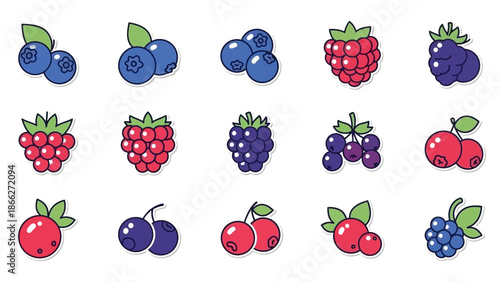 Variety of Berries and Cherries.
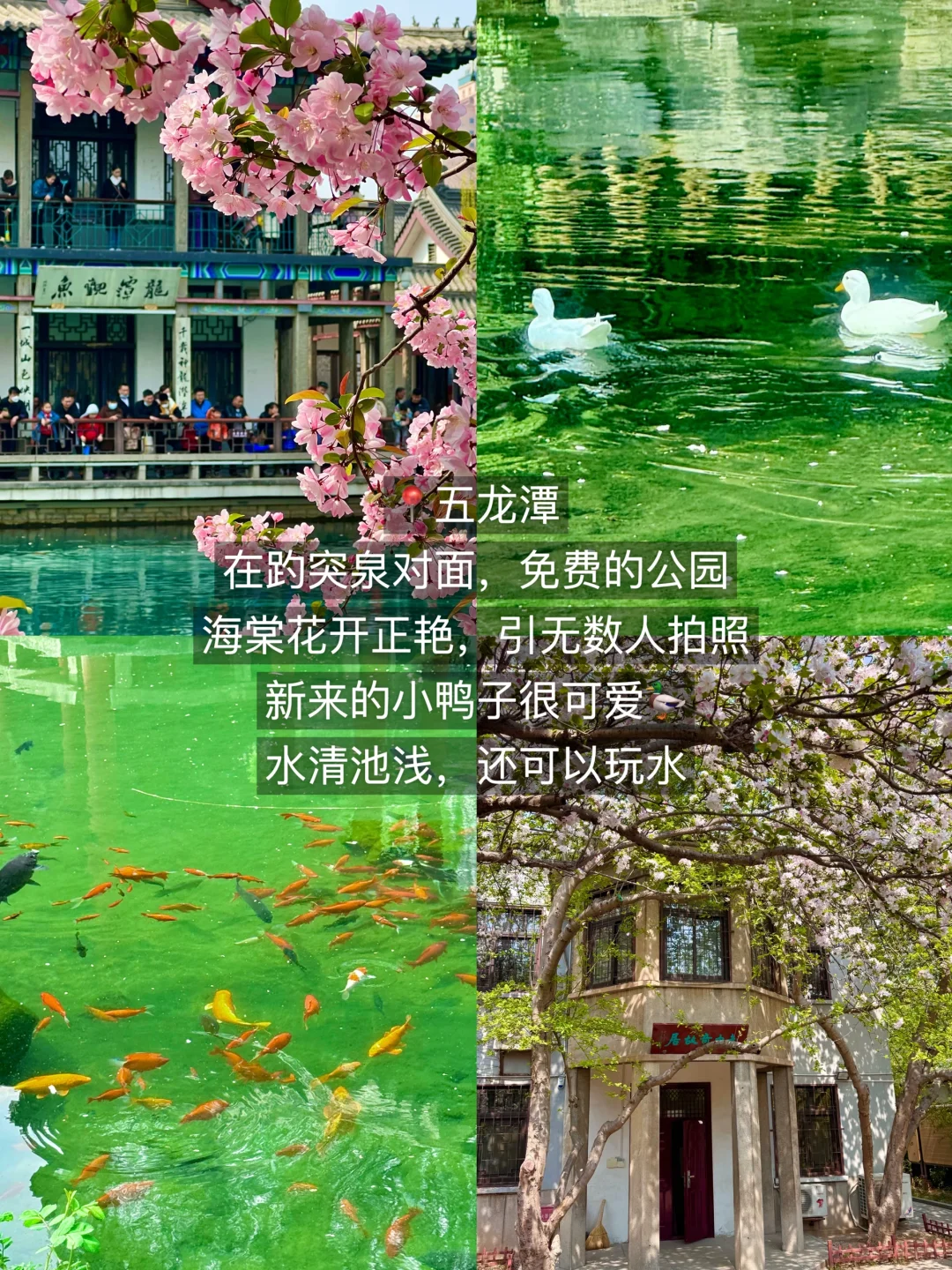 从济南回来，说点大实话😅😅😅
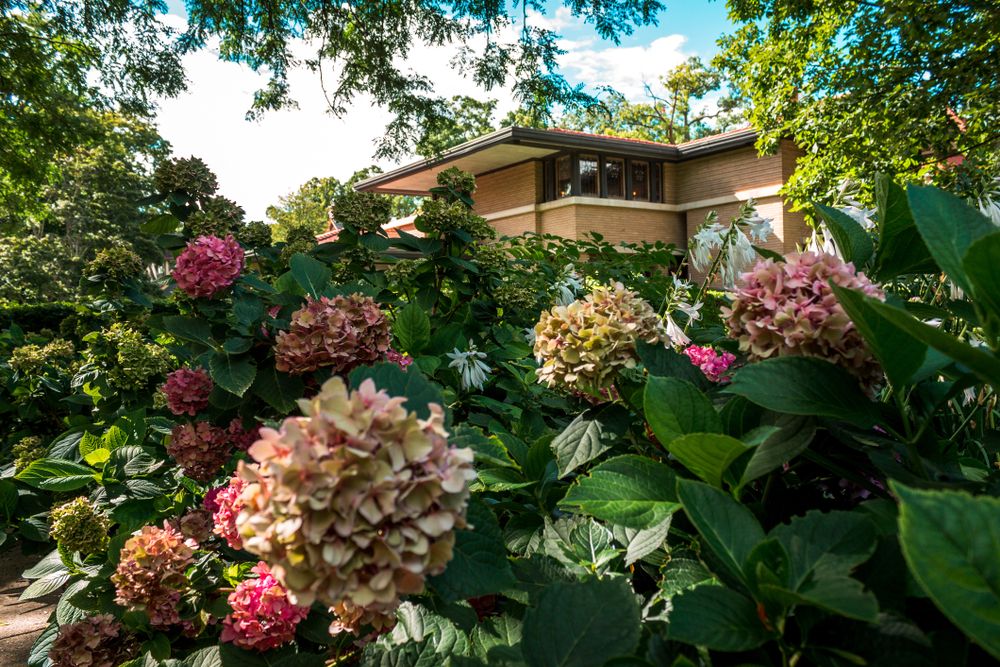 Beautiful flora at Meyer May House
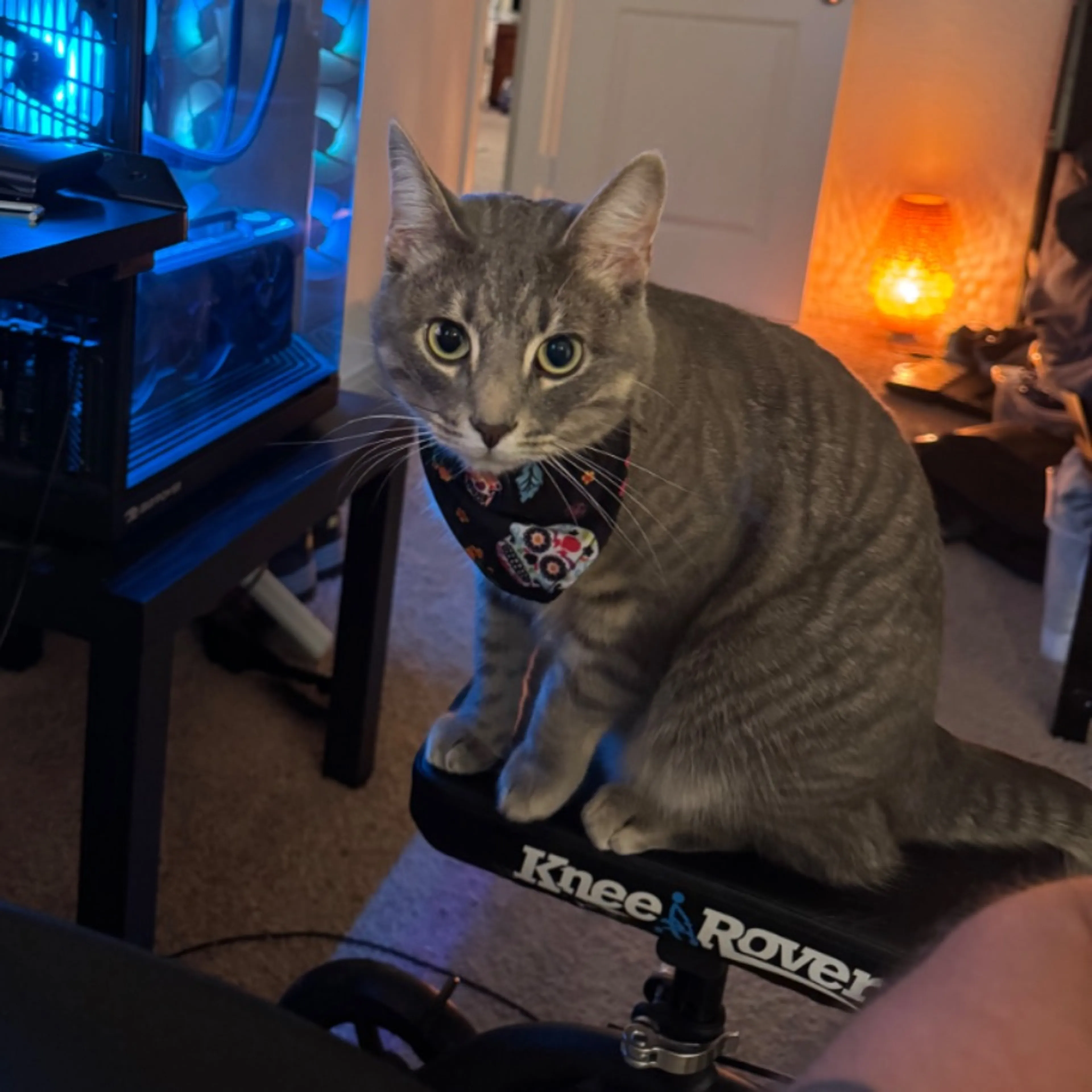 Lost pet-0
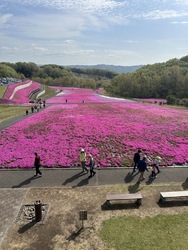 芝ざくらが満開...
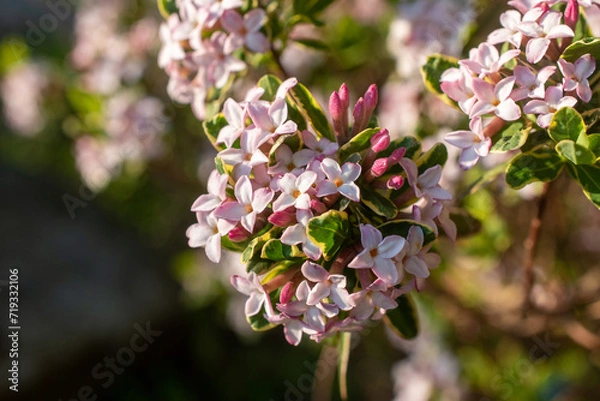 Obraz flowers in spring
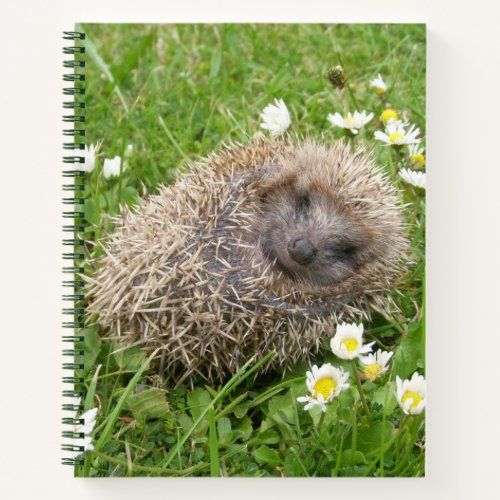Cutest Baby Animals  Spanish Hedgehog Notebook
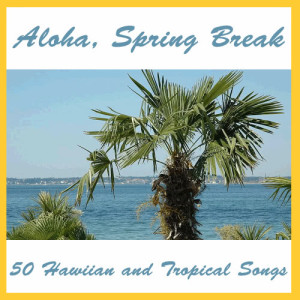 ดาวน์โหลดและฟังเพลง South Sea Island พร้อมเนื้อเพลงจาก The Hawaiians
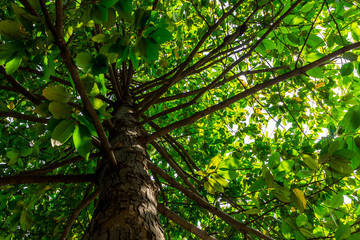 Background of nature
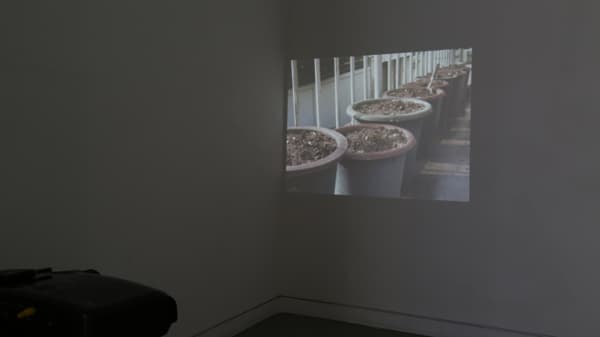 Installation View of Jjockbang Project, ha cha youn Solo Exhibition, Corner Art Space _ photographed by Onejoon Che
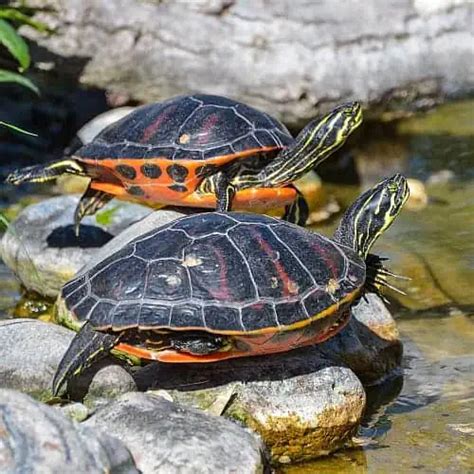 Types Of Freshwater Pond Turtles For Outdoors Pond Turtle Pets Pond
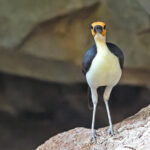 White-necked Rockfowl (image by Pete Morris)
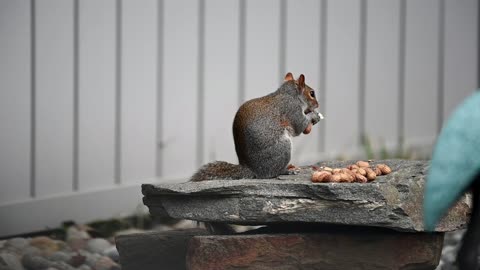 Funny squirrel 🐿 eating videos 🥰🥰🥰🥰🥰🥰🥰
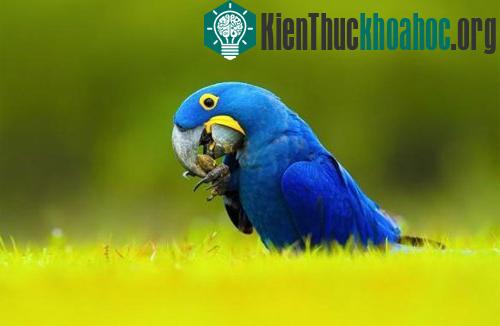 Những vật nuôi đắt giá nhất thế giới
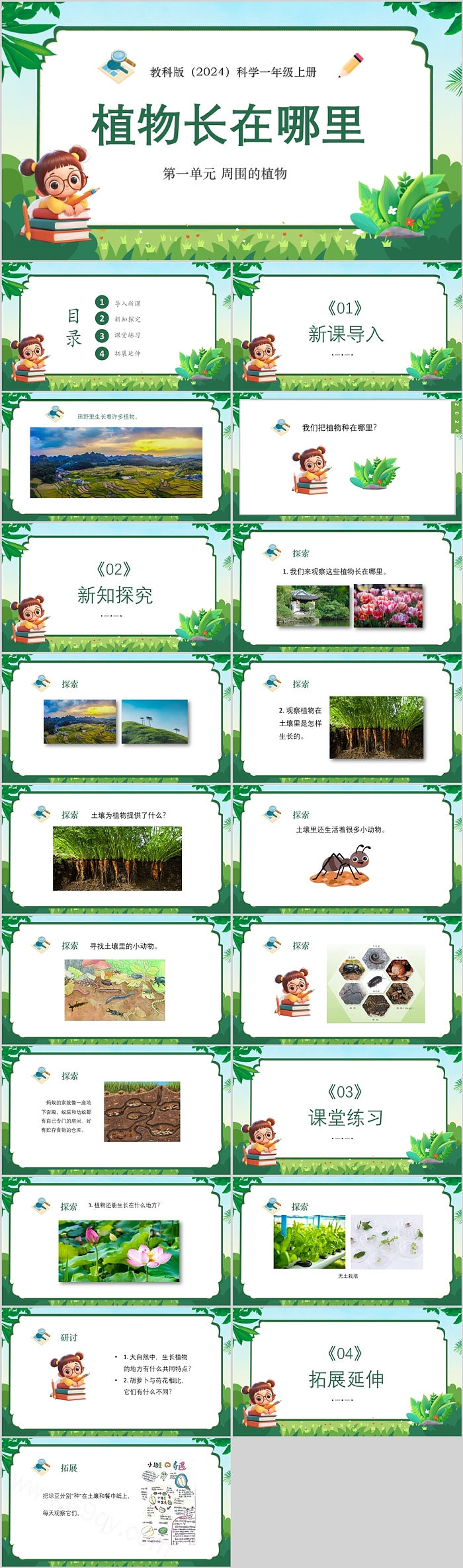 2024新教科版小学科学一年级上册第一单元 周围的植物《植物长在哪里》教学ppt课件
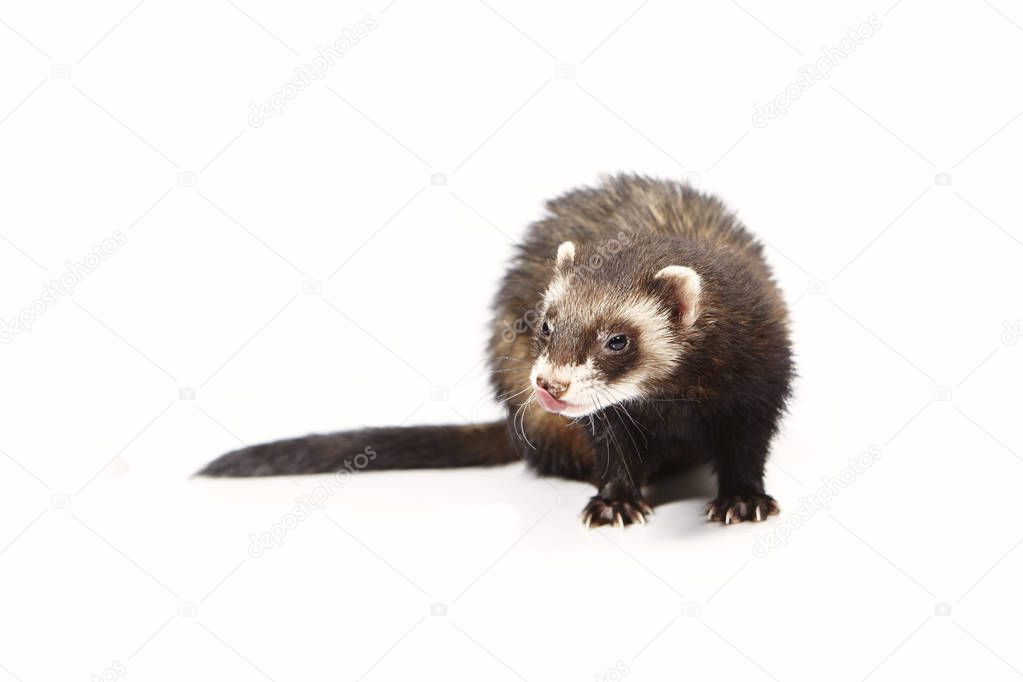 Nice posing fluffy dark ferret on white background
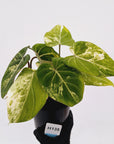 Philodendron gloriosum white vien variegata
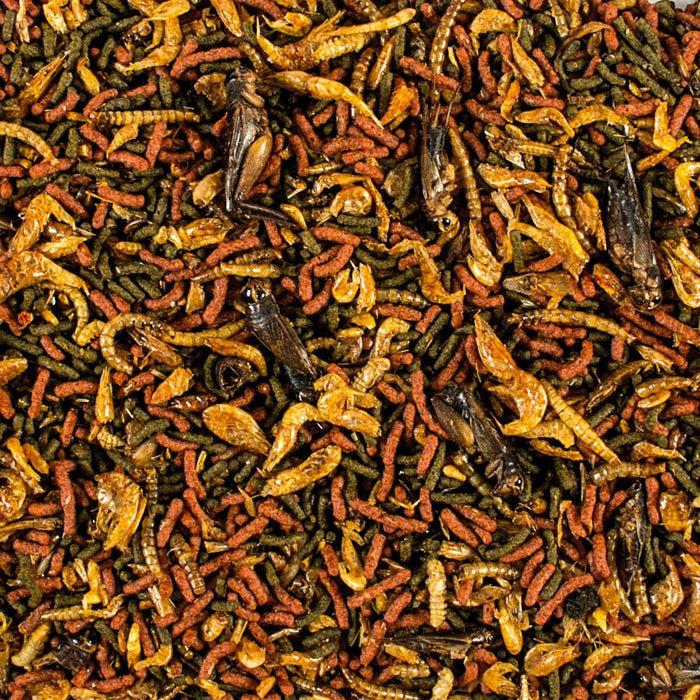 Tropical Soft Line Carnivore 80g product information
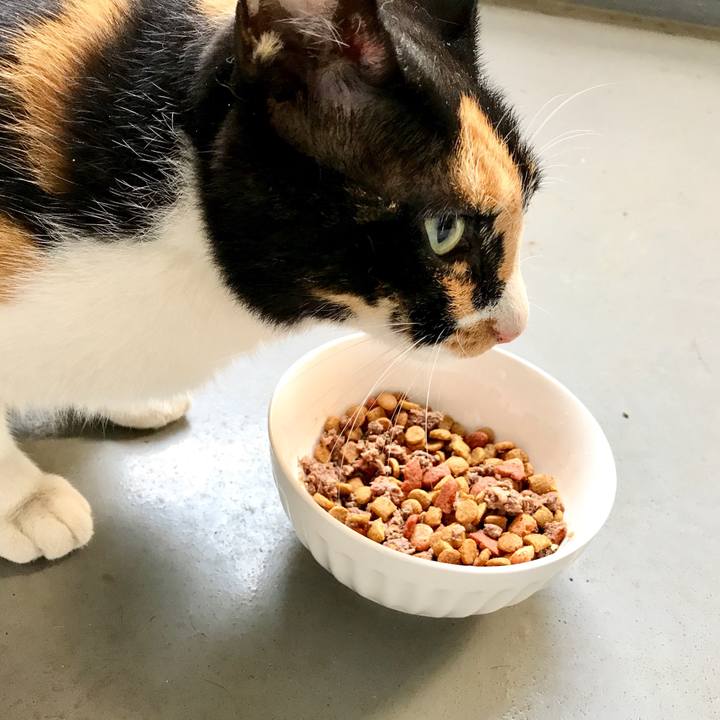 07acadcd 9aae 4a96 a170 9be9eb1490f2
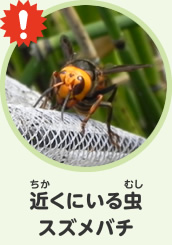 近くにいる虫　スズメバチ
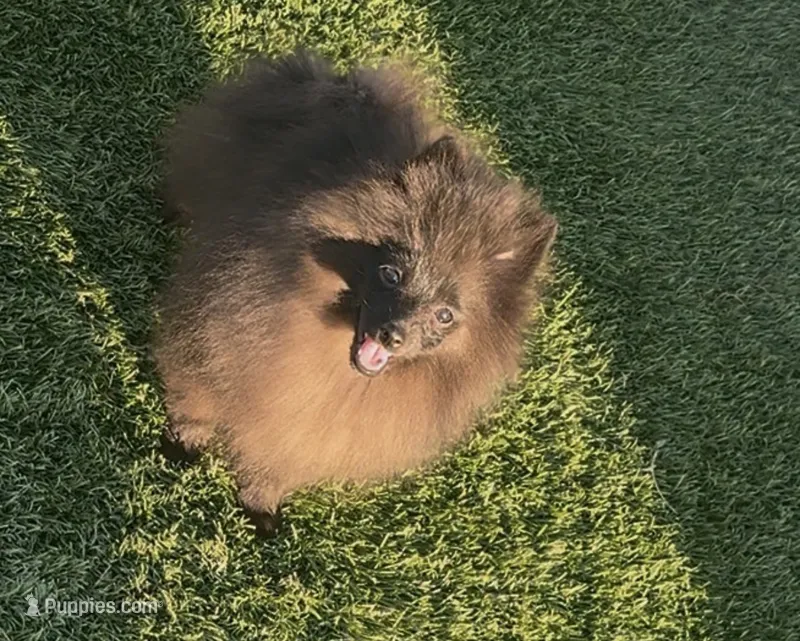 Draven – Pomeranian puppy for sale in Tucson, AZ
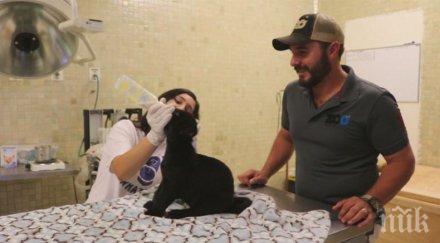 ягуар рядка порода роди мексико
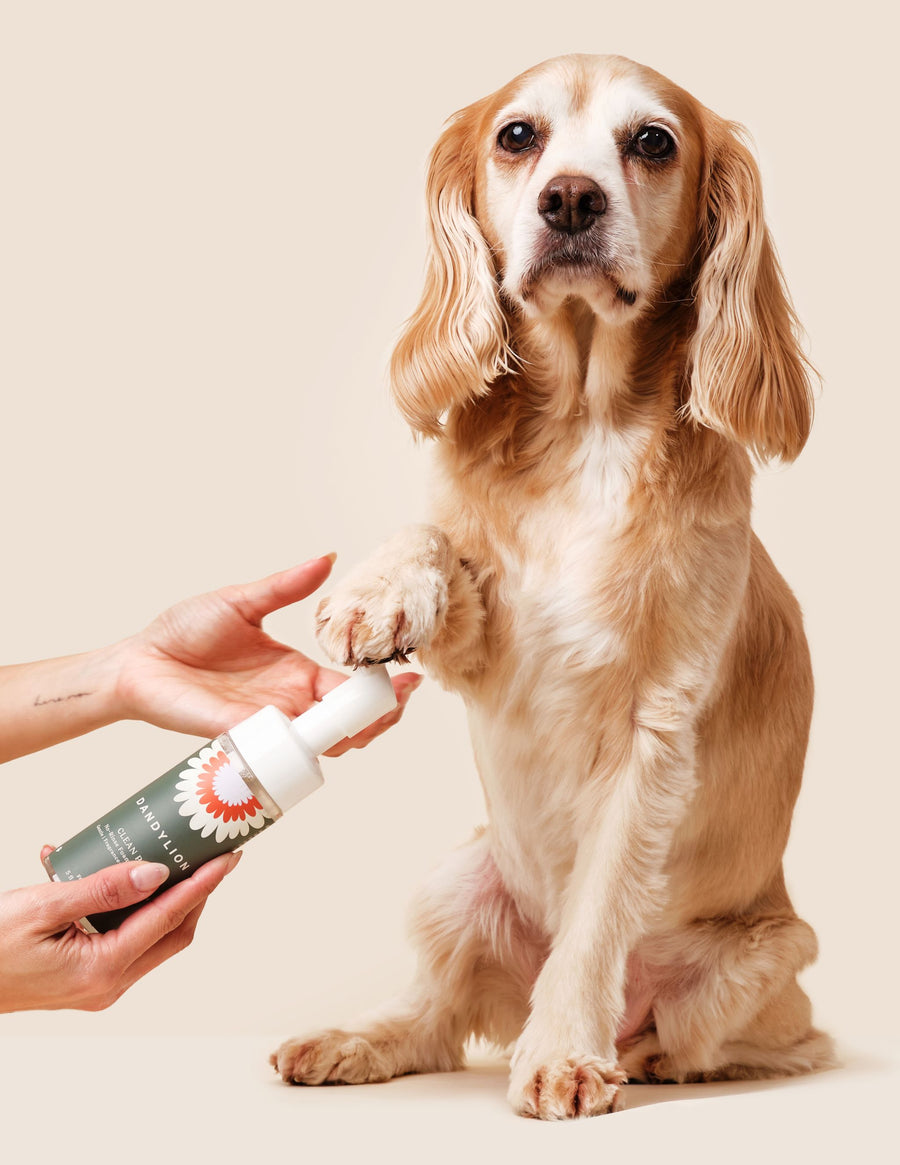Refill - Clean Paws No-Rinse Foaming Cleanser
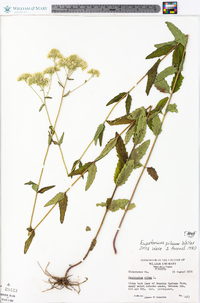 Eupatorium pilosum image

Requirement -> What is needed is an exact copy of the lines from the one with "Nice posing fluffy" through the end of the data above, both included, minus any pictures.

Written answer ->
 Nice posing fluffy dark ferret on white background
 Philodendron gloriosum white vien variegata
 Tropical Soft Line Carnivore 80g product information
 07acadcd 9aae 4a96 a170 9be9eb1490f2
 近くにいる虫　スズメバチ
 Draven – Pomeranian puppy for sale in Tucson, AZ
 ягуар рядка порода роди мексико
Refill - Clean Paws No-Rinse Foaming Cleanser
 Eupatorium pilosum image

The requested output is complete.